Ramallah – In a discussion on the report issued by the State Audit and Administrative Control Bureau in March on the archiving system in the Palestinian state institutions. The Coalition for Integrity and accountability seconded the recommendations submitted by SAACB on the problems relative to the management and organization of the archiving processes and access to information in public institutions. AMAN also called for classification of information, identification of public and other records to enable citizens access to information, enhance transparency and combat corruption. It reiterated that the National Archive Law was extensively discussed, and it received consensus of the civil society and other specialized stakeholders. It needs to be enacted together with the Law on the Right of Access to Information to complement the system of archiving and access.
The session was attended by representatives of SAACB, Palestinian Archive Institute, line ministries, Presidency Office, Palestinian Monetary Authority, Palestinian Central Bureau of Statistics, Palestinian Monetary Fund, Land Authority and teachers and researchers from Palestinian universities in addition to the Independent Commission on Human Rights, and civil and human rights organizations. Participants were unanimous on the importance of archiving and documentation to preserve history and build on previous experiences. They reiterated its importance to consolidate national integrity in state institutions.
AMAN’s Executive Director opened the session by commending SAACB’s report, which shed more light on performance, an issue of interest to citizens, civil society and the media, which advocate for paramount issues especially with the paralysis of the legislative council. SAACB is intended as the main oversight body of the legislative council.
Abu Zaid referred to the campaign launched last June by AMAN on the right to access to information #information_is_a_right and reiterated his full support to the law on access to information. He alluded to the recommendations submitted frequently to the Ministerial Council on the necessity to issue instructions to all state institutions to start classifying public records and rendering them accessible to citizens, even prior to the enactment of the Law.
Mr. Majdi Mitani, from SAACB, commented on the status of the archive and described it disastrous. He added that the archives in most ministries are lacking, not to mention that files are either in staircase or in neglected rooms in many institutions.
Mr. Fawaz Salameh, Director General of the National Archive, attributed the archiving problems to lack of serious management and absence of a national archive law or instructions to guide different state institutions to prepare manuals and procedures for maintenance of the national archives. He also presented the challenges facing the national archive institution, including lack of legal status, and henceforth its recommendations are not binding. Furthermore, some public institutions dispose of documents without referring to the national archive not to mention waste of public funds in purchase of software that does not meet the needs.
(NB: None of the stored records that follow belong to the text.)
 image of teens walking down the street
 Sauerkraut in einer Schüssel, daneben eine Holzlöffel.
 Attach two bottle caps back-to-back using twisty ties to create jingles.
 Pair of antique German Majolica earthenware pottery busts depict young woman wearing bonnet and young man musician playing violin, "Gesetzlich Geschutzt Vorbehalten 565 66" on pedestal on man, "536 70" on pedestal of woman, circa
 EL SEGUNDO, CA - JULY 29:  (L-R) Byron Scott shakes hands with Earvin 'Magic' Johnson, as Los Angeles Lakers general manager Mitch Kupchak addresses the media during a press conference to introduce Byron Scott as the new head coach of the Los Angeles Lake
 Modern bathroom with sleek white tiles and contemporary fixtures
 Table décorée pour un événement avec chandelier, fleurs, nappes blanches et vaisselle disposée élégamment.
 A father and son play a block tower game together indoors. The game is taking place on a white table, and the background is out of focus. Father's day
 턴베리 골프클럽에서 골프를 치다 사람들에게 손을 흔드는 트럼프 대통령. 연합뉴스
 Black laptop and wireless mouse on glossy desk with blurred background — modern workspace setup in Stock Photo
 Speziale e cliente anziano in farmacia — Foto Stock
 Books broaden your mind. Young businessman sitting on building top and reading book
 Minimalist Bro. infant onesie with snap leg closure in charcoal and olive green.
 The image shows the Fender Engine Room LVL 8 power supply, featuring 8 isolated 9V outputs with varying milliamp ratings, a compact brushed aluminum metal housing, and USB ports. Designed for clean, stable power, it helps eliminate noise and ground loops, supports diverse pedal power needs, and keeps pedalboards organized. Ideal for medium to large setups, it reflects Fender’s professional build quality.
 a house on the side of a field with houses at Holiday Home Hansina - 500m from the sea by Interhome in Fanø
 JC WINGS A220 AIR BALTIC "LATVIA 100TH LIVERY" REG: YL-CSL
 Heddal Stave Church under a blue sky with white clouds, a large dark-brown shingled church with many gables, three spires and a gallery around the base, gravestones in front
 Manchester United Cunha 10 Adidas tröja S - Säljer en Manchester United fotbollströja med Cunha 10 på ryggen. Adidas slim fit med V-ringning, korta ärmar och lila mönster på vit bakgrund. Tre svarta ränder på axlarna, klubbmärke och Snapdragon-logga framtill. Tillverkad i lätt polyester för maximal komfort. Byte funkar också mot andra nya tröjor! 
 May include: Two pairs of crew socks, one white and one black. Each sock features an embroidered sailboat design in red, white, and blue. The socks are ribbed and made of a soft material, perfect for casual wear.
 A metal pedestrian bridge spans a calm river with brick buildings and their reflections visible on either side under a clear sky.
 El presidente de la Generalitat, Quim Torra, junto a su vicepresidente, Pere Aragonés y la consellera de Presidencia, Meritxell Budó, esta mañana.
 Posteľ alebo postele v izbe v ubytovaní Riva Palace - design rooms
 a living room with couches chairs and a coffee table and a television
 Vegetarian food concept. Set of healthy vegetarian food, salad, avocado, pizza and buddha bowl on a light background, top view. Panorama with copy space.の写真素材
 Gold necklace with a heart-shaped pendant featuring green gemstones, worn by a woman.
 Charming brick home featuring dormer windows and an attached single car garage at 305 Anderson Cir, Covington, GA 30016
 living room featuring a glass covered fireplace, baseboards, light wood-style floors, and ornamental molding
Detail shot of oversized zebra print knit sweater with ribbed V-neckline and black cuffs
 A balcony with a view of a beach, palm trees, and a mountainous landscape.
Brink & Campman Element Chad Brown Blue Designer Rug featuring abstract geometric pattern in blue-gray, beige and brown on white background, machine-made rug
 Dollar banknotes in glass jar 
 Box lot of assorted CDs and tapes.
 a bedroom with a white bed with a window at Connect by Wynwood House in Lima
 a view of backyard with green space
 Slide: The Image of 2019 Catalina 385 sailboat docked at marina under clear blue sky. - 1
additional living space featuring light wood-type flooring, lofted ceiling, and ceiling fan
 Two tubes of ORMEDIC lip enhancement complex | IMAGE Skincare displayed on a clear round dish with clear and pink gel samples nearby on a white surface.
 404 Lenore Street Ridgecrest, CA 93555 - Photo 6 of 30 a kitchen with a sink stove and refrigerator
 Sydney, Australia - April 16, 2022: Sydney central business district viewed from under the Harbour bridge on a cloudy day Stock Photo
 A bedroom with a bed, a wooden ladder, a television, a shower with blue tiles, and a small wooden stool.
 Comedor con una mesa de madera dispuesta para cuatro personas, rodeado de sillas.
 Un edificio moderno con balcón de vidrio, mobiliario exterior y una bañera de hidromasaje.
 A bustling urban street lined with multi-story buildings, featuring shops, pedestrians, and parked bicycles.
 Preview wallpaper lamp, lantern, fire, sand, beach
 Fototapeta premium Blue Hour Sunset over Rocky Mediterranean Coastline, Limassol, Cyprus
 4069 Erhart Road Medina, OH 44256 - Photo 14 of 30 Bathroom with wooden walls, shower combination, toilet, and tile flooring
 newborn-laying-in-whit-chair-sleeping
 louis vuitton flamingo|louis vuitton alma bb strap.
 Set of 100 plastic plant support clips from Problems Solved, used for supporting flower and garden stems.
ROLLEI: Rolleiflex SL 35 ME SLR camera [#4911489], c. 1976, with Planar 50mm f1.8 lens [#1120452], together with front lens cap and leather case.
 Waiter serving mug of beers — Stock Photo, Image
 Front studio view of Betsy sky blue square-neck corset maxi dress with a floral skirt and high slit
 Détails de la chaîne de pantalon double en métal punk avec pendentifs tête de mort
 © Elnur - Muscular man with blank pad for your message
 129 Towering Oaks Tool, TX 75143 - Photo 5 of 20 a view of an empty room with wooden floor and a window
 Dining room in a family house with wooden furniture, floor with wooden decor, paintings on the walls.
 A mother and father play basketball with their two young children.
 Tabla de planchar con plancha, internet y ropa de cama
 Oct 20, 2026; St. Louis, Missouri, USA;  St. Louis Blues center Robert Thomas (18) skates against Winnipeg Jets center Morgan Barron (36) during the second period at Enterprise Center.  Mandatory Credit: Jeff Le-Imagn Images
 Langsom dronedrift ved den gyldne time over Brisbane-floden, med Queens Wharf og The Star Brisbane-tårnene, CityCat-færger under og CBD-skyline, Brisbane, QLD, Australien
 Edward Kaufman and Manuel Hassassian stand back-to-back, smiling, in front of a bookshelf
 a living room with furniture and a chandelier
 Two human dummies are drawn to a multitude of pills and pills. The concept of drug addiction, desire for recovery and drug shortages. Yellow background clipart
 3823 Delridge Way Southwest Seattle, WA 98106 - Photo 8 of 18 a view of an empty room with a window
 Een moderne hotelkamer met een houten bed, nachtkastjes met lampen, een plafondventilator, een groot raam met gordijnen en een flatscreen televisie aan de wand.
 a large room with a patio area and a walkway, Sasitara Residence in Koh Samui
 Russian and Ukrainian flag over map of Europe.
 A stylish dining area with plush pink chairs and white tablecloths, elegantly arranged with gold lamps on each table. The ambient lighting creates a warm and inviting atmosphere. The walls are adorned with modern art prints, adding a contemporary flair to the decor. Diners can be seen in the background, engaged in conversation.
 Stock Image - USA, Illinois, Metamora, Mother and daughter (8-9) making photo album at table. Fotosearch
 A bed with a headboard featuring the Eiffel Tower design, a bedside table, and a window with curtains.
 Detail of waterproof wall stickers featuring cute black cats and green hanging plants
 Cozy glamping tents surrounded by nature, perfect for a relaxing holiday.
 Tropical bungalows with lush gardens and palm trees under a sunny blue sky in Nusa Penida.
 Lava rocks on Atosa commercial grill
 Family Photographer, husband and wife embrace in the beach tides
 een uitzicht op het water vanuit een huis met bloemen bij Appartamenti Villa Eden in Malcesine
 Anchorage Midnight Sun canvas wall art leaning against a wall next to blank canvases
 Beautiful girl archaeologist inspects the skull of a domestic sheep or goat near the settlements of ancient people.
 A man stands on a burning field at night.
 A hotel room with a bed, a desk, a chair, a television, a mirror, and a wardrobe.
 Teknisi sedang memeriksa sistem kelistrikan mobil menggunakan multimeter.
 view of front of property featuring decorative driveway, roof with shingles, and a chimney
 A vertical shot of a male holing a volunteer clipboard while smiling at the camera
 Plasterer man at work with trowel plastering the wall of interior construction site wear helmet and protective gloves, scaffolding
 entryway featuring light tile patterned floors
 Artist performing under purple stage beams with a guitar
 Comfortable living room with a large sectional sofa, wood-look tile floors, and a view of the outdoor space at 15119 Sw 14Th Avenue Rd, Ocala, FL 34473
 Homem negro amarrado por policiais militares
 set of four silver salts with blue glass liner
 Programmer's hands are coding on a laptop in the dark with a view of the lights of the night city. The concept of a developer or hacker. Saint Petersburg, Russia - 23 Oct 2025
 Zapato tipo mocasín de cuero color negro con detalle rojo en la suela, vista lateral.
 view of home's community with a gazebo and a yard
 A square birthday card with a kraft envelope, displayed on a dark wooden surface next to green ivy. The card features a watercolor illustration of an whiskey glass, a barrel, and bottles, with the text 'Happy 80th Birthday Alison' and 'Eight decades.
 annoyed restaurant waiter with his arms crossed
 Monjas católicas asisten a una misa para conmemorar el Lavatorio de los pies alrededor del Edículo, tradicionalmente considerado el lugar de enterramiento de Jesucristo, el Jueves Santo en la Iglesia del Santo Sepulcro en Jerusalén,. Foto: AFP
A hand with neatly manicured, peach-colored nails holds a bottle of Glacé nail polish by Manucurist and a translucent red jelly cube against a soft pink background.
Mr. Haitham Zeidan, Director of Dissemination and Documentation at the Palestinian Central Bureau of Statistics, explained problems related to different definitions and norms of concepts. The definition of the same term in the ministry differs from that used by the municipality. He reiterated on the importance of administrative records, which should connect PCBS to ministries. He also mentioned the lack of legal framework and that some information is not delivered to start with, which creates a huge gap in sources of data in Palestine.
Researcher Sumoud Al-Barghouthi presented SAACB report on the archiving system in the institutions of the State of Palestine, which covered 23 public institutions. The key findings included: absence of legislation to regulate government archiving, agencies do not apply any organized archiving mechanisms, while some institutions do not keep part of their documents while most institutions do not audit their archiving codes and classification. Furthermore, staff responsible for the filing and documentation is not sufficiently qualified and lacks appropriate workplaces and documents-keeping facilities. The report mentioned that 915 of government institutions do not use binders to preserve permanent documents and files from decay. On the other hand, 87% of them do not apply the necessary procedures to dispose of paper documents after their electronic archiving.
She also stated that SAACB doubts loss of documents and files (loss, decay, disposal, stealing, burning or alteration), raising awareness of a number of valuable financial and legal historical documents, which entail rights for individuals and institutions. She also referred to the difficult access to information, data, documents and statistics needed by different stakeholders. This consequently affects decision making and impedes speedy access to data and documents. Furthermore, archiving procedures in many government organizations are weak and inefficient because of the lack of any law, regulations or instructions to govern the process and regulate keeping, classification, and codification of documents.
SAACB concluded weak credibility of e-archived data in some institutions because of absence of controls on access of archived data, which are left open to alteration and deletion. This entails potential loss of administrative and financial rights of individuals and institutions because of non-systemic file-keeping and loss of may documents without any substitute or alternative.
SAACB recommended that the Ministerial Council adopt appropriate procedures to ratify the National Archive Law in accordance with best international practices. It also recommended activation of archives’ departments in government institutions and training of staff. Government institutions also need to take necessary measures to provide dossier/ containers to keep files properly and safely.